Task description
Excluding all pictures, please output the listing exactly.

Given data
###

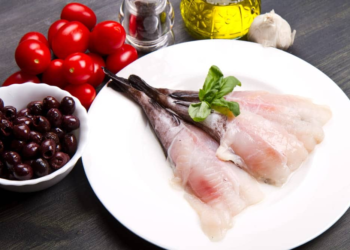Un pescado muy económico y nutritivo, triunfa en las cocinas
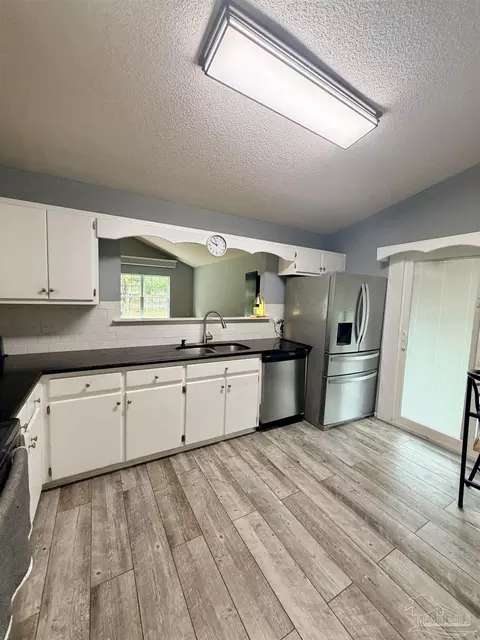 Kitchen - 5663 Culpepper Cir, Pace, FL 32571 photo 1 of 1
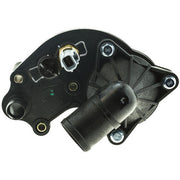 Engine Coolant Thermostat Housing Assembly MotoRad TA2061S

###

Solution to this problem
Un pescado muy económico y nutritivo, triunfa en las cocinas
 Kitchen - 5663 Culpepper Cir, Pace, FL 32571 photo 1 of 1
 Engine Coolant Thermostat Housing Assembly MotoRad TA2061S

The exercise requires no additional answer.